Les amateurs de l'œuvre de Gustave Courbet seront ravis d'apprendre que certaines des oeuvres présentées au Salon international du Livre n'ont jamais été montrées en Suisse et proviennent de collections privées. Voici quelques clés pour mieux appréhender cette exposition à ne manquer sous aucun prétexte.
Le contexte. Mars-mai 1871: Commune de Paris. Des parisiens s'insurgent contre le nouveau gouvernement. Considérée comme le symbole du despotisme impérial, la colonne de la place Vendôme est renversée. Actif dans l'insurrection en qualité d'élu, Gustave Courbet est désigné comme responsable de sa destruction. Il est arrêté en juin et condamné à 6 mois de prison et à 500 francs d'amende. Ruiné, il voit ses biens séquestrés et ses toiles confisquées. A sa libération, il se réfugie en Suisse. Deux ans plus tard, le Maréchal de Mac-Mahon, nouveau président de la République, fait reconstruire la colonne aux frais (exorbitants) de l'artiste. Courbet obtient de rembourser 10 000 francs par an sur 33 ans, mais mourra, le 31 décembre 1877, avant d'avoir payé la première traite.
L'exil. Entre-temps, le peintre, chef de file du courant réaliste, mouvement artistique qui se veut sans artifice ni idéalisation, produit beaucoup pour commencer à réunir la somme. Durant les cinq dernières années de sa vie, et jusqu'à son dernier jour, le lac Léman nourrira en lui le culte et l'admiration de cette nature qui n'est plus que son seul horizon. Car de la terrasse de Bon-Port à La Tour-de-Peilz, ce lac lui évoque l'immensité de cet océan qu'il a découvert, et tant admiré, dès l'âge de 22 ans (1841), à l'occasion d'un voyage en Normandie: "La mer, la mer sans horizon… On se sent entraîné, on voudrait partir voir le monde entier", écrira-t-il à ses parents dans son désir de vivre et de découvrir toutes les richesses de la nature. Il y retournera plusieurs fois, émerveillé à chaque fois.

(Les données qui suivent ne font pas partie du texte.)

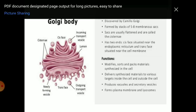Golgi body was first discovered by Camillo Golgi in a neuron cell. It is formed by a stack of 5 to 8 membrane sacs, usually flattened, called cisternae. It has two ends: the cis face situated near the endoplasmic reticulum, and the trans face situated near the cell membrane. Functions: it modifies, sorts, and packs materials synthesized in the cell; delivers materials to targets inside and outside the cell; produces vacuoles and secretory vesicles; and forms the plasma membrane and lysosomes.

L'oeuvre. "Je tiens (…) que la peinture est un art essentiellement concret et ne peut consister que dans la représentation de choses réelles et existantes. (…) Un objet abstrait, non visible, non existant, n'est pas du domaine de la peinture. L'imagination dans l'art consiste à savoir trouver l'expression la plus complète d'une chose existante, mais jamais à supposer ou à créer cette chose même." Fidèle à sa conception de la peinture, il réalise des toiles comme Le Rétameur(1842), inaugurant, avant ses Casseurs de pierre (1849), son iconographie du gagne-petit. C'est en 1851 que Courbet peint son chef-d'oeuvre - Les Demoiselles d'Ornans et la mendiante ou Les Demoiselles de village. Plus tard il peint, avec La Loue à Scey-en-Varais (1860-65), le pays qu'il connaît (le Doubs), avec une nature où sont présents des cervidés (Le Saut de la Brême Cascade, cerf, une biche et son faon, après 1864), et qu'il rend tantôt mystérieuse (Le chemin creux aux rochers, vers 1864), tantôt poétique (La source de la Loue, après 1864). Il atténue la violence d'une scène de chasse par des couleurs chaudes (Biche et chasseur dans un paysage, vers 1869/72) et traduit sa joie de vivre à sa sortie de prison (Paysage du Jura, 1872). Réalisé l'année suivante, Les amoureux dans la campagne rend compte de son idylle de jeunesse. Enfin, arrivé en Suisse, il semble que l'artiste s'arrangera de plus en plus avec la réalité et que certains de ses tableaux seront des oeuvres de fiction (La cascade ou Paysage du Valais, 1873).